Nationwide road tolling could become a reality if new proposals to privatise the Highways Agency are taken up by Whitehall.
The proposal to sell off the Highways Agency in bits to private companies comes in a recent report from the RAC Foundation.
The RAC Foundation says: "With the anticipated severe pressures on the public finances over the coming years, government may see the financial case for selling a stake in the Highways Agency as attractive - particularly set against an imputed value of £85billion."
The privatisation proposal is only one of a number of possible solutions to the increasing pressure on the UK's road network, however.
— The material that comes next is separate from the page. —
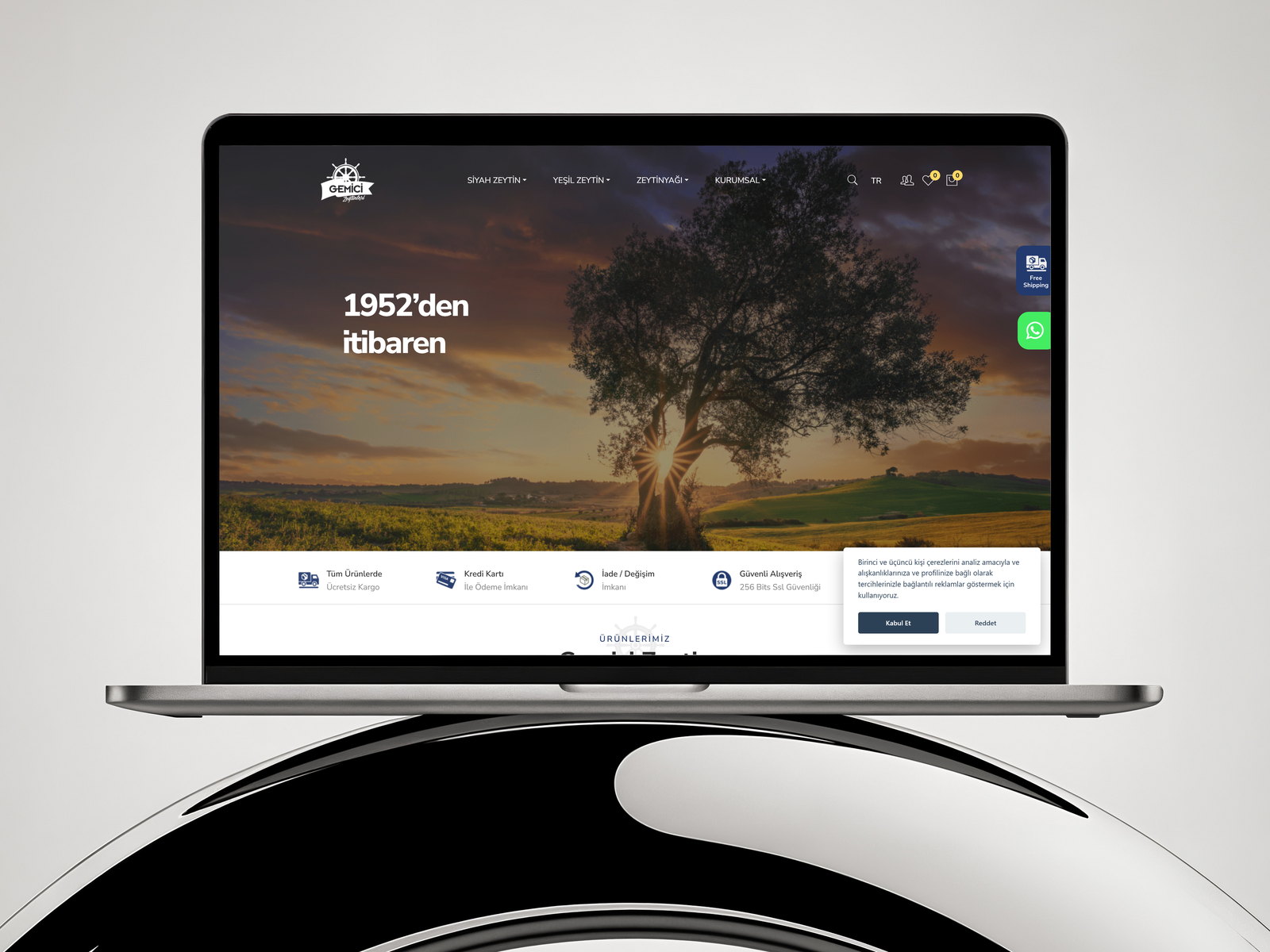 Gemici Zeytin web sitesi ekran görüntüsü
Other options being floated include the creation of a public corporation in the mould of the BBC or Network Rail and which would run the road network.
"We need a shake-up of the institutions that control the road network," Professor Stephen Glaister, director of the RAC foundation, told PistonHeads. "The crucial point is that we need to ensure that some of the revenues generated by the roads - whether through tolls or taxation - are used for improvements to the UK's roads and not just slipped into the Exchequer's coffers. A transparent body, independent of the government, would be a way to achieve this."
If the responsibility for the road network was taken away from central government, either by a privatisation process or the creation of a new public body, there would presumably be the need for a new regulatory body. PH humbly suggests the name Offroad...
Don't worry too much, though. Even if they do happen, proper road tolls are still a long way off. Stephen Glaister again: "In the long-run, road-tolling could become a reality, and I think it will need to. But in the immediate future the most likely funding solution would be shadow-tolls, where the government pays private contractors a maintenance fee based on the number of cars using a particular piece of road.